[What is being asked]
Retype the records in full, and please keep the pictures out of the copy.

Segment Start: Raw data

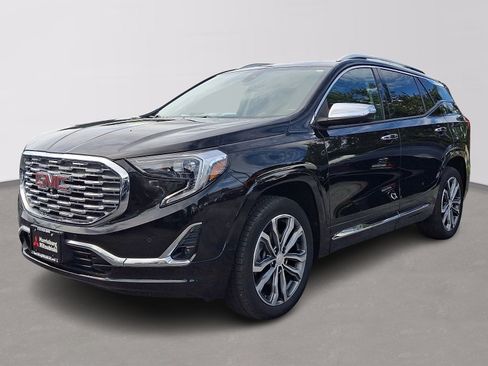 Used 2020 GMC Terrain Denali w/ Denali Premium Package AWD/4WD image 3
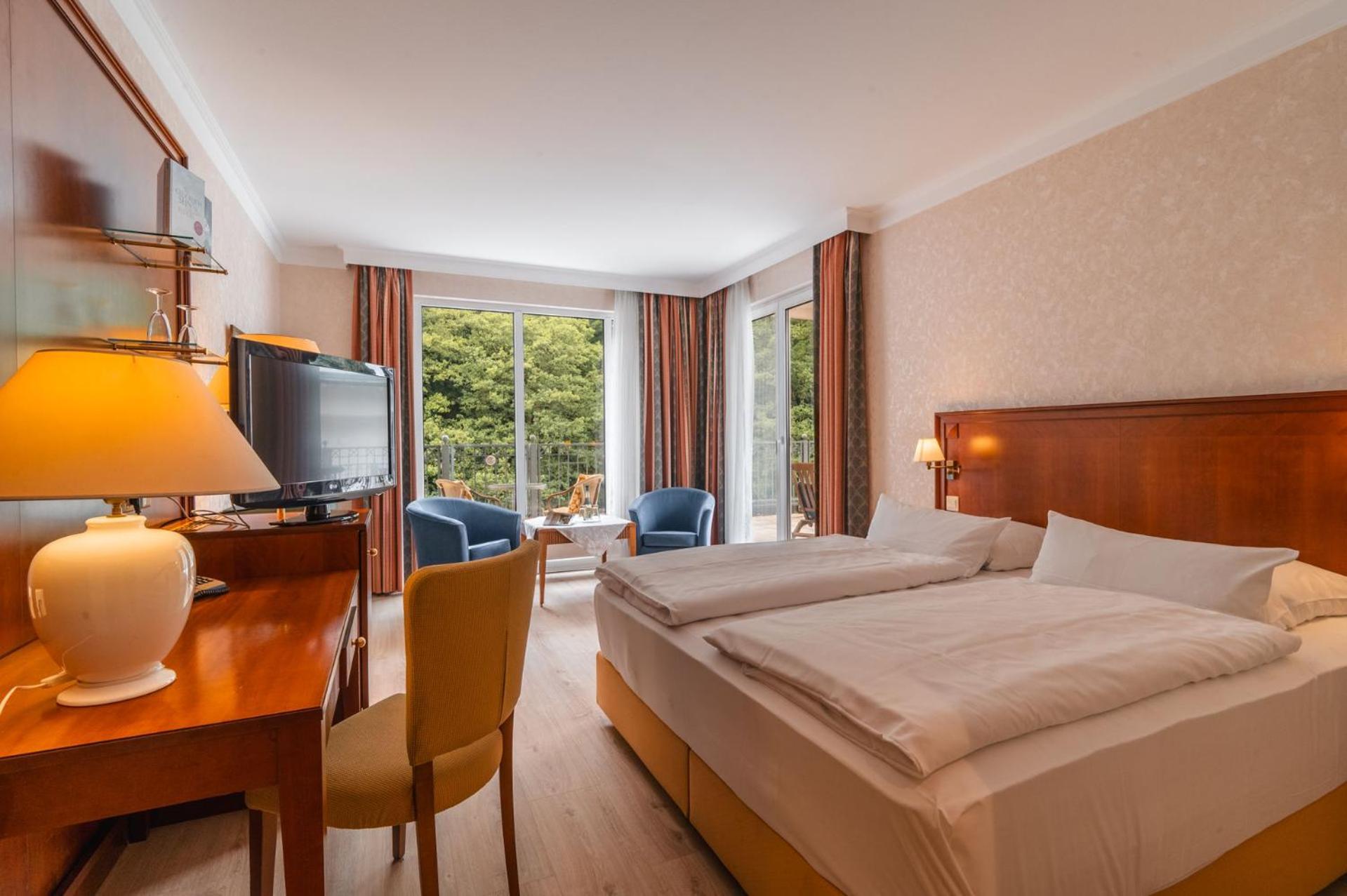 Granitz Deluxe with roof terrace and forest view,1681725400:JPEG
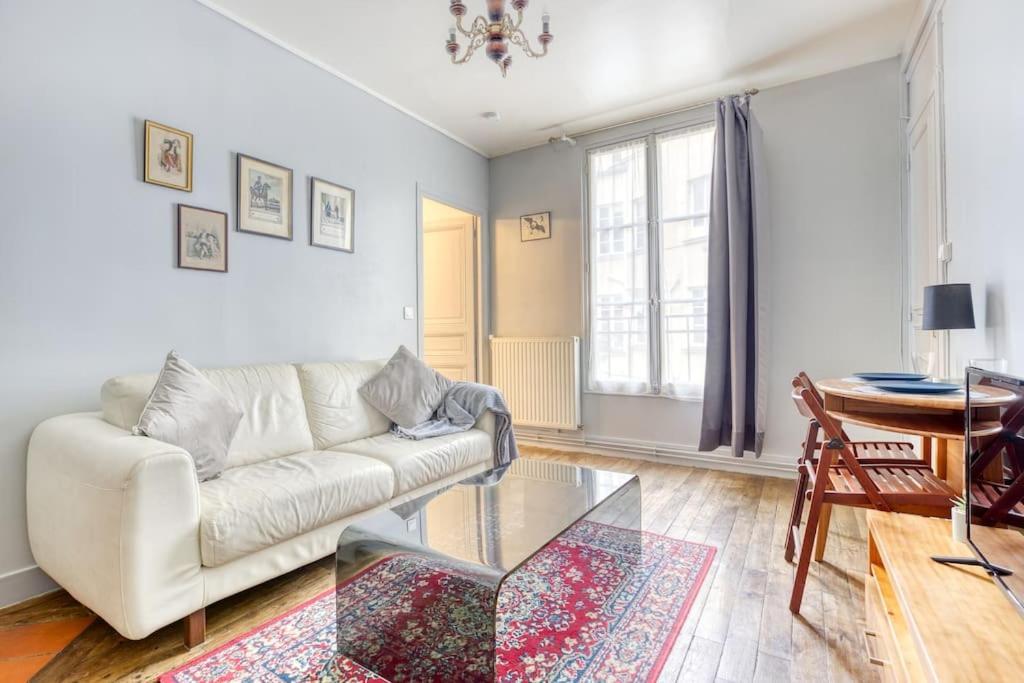 ורסאי * Le Versaillais*2 Min A Pied Du Chateau חדר תמונה
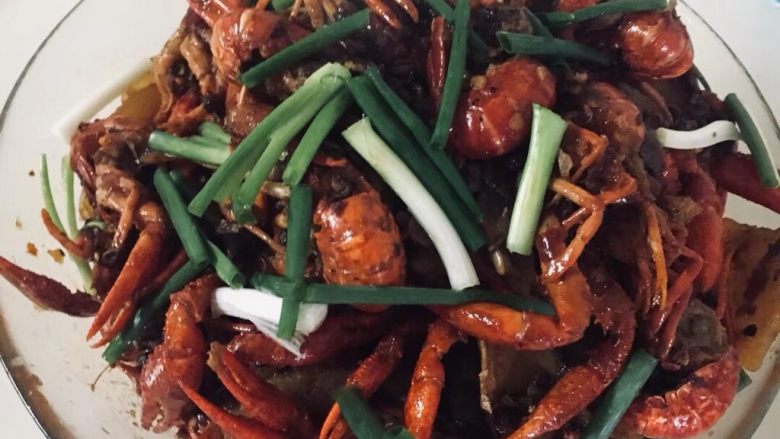 麻辣小龙虾,盛到已经炒好的黄瓜盘子里，上面放些葱段就可以了，又香又麻辣的龙虾做好啦！😍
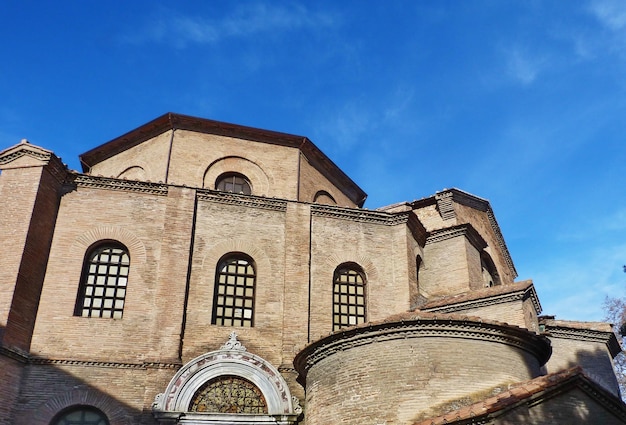 Vista ad angolo basso dell'edificio contro il cielo blu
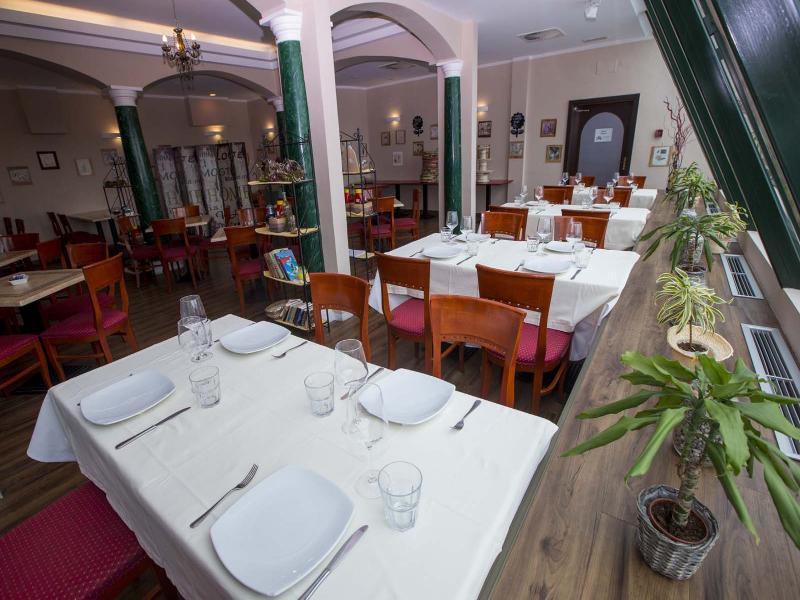 Hotel Medno Bagian luar foto
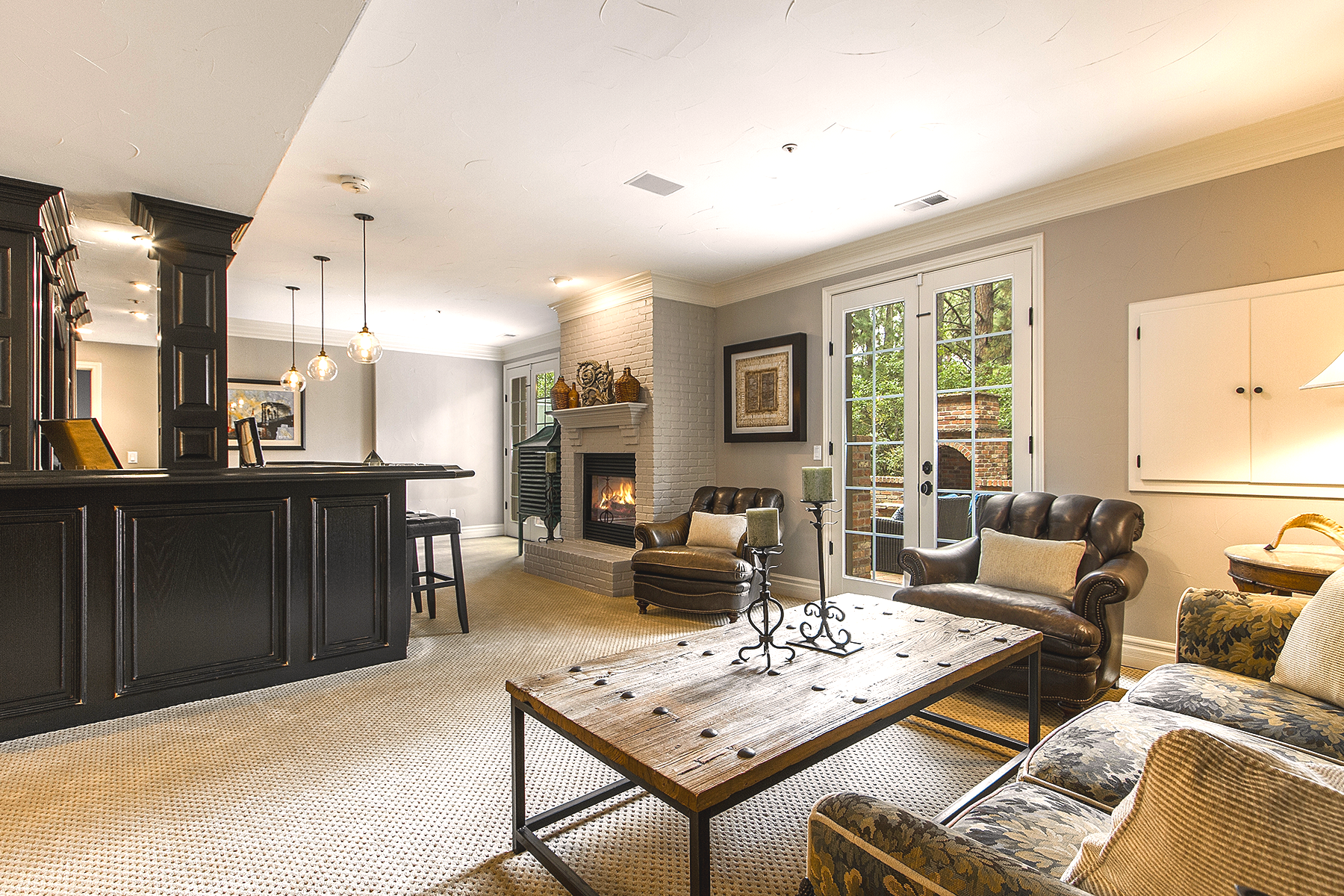 Family-Room_1800x1200_2813045-edit.png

Segment End: Raw data

[Response]
 Used 2020 GMC Terrain Denali w/ Denali Premium Package AWD/4WD image 3
 Granitz Deluxe with roof terrace and forest view,1681725400:JPEG
 ורסאי * Le Versaillais*2 Min A Pied Du Chateau חדר תמונה
 麻辣小龙虾,盛到已经炒好的黄瓜盘子里，上面放些葱段就可以了，又香又麻辣的龙虾做好啦！😍
 Vista ad angolo basso dell'edificio contro il cielo blu
 Hotel Medno Bagian luar foto
 Family-Room_1800x1200_2813045-edit.png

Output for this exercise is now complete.